First, let’s do an interactive activity to explore what calculus is about and why it works. Go to www.student.amplify.com, click the key icon in the upper right of your screen, and enter the following code:

73m9tt

Why is zooming in on a graph until it looks like a line useful?

Linear functions are special because they have a constant rate of change that we can easily calculate.

That is, linear functions are changing at the same rate in every interval on the graph.

On the other hand, many functions we care about are nonlinear and have non-constant rates of change.

For example, suppose this plot represents my distance from home as a function of time while I am riding the train to campus. If I was riding at a constant speed in a perfectly straight line, this function would be perfectly linear. But in real life, that’s not usually true. Sometimes the train speeds up, slows down, or turns, so the function might be more like \(f(x) = 0.01*(x - 5)^3 + 1.5.\)

library(ggplot2)

train_function <- function(x) {0.01*(x - 5)^3 + 1.5}

ggplot(data.frame(x = c(0:12)), aes(x = x)) +
  stat_function(fun = train_function)

If I wanted to find the average rate of change of this function between \(0\) and \(10\) minutes, I could do so algebraically (rise/run).

\(m_{avg} = \frac{f(10) - f(0)}{10 - 0} = \frac{(0.01*5^3 + 1.5) - (0.01*(-5)^3 + 1.5)}{10} = \frac{1.25 + 1.5 + 1.25 - 1.5}{10} = 2.5/10 = 0.25\) miles per minute (15 miles per hour).

But that average slope masks a lot of variation within the interval. In the first two minutes, my average rate of change is

\(m_{avg} = \frac{f(2) - f(0)}{2 - 0} = \frac{(0.01*(-3)^3 + 1.5) - (0.01*(-5)^3 + 1.5)}{2} = \frac{-0.27 + 1.5 - (-1.25 - 1.5)}{2} = 0.98/2 = 0.49\) miles per minute (29.4 miles per hour).

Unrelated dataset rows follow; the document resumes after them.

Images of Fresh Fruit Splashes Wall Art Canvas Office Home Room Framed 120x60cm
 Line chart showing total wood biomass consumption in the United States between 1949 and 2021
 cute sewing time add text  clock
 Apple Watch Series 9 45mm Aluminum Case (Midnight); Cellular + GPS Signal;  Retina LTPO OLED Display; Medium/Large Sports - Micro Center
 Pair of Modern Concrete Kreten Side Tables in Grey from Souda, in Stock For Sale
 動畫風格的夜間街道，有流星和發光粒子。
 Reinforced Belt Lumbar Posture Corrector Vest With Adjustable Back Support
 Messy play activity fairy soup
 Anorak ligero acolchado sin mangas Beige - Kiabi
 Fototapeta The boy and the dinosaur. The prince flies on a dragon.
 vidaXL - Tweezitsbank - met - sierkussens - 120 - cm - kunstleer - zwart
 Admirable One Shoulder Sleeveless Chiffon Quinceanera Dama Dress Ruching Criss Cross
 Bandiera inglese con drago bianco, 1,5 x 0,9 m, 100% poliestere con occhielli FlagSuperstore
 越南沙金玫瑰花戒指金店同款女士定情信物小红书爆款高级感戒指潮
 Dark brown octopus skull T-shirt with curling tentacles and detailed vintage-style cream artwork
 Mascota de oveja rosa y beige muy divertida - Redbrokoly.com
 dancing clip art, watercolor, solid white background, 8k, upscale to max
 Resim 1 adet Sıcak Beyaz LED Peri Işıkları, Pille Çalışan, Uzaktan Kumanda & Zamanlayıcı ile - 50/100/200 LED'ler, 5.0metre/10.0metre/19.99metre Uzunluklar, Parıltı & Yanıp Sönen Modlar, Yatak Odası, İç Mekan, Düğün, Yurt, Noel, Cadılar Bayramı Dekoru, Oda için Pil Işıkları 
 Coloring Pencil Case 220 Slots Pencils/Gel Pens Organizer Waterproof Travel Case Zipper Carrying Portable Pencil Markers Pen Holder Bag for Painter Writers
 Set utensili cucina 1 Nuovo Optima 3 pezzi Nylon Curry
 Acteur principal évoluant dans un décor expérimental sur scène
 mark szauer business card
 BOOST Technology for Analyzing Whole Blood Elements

On the other hand, from minute 2 to minute 4, my average rate of change is

\(m_{avg} = \frac{f(4) - f(2)}{4 - 2} = \frac{(0.01*(-1)^3 + 1.5) - (0.01*(-3)^3 + 1.5)}{2} = \frac{-0.01 + 1.5 - (-0.27 - 1.5)}{2} = 0.26/2 = 0.13\) miles per minute (7.8 miles per hour).

Calculus allows us to find the instantaneous rate of change at one particular moment rather than simply the average rate of change on an interval. For example, we could figure out exactly how quickly the train was moving away from home at minute 6 of my commute. To do this, we can exploit the fact that many nonlinear functions, if we zoom into function close enough, start to look linear.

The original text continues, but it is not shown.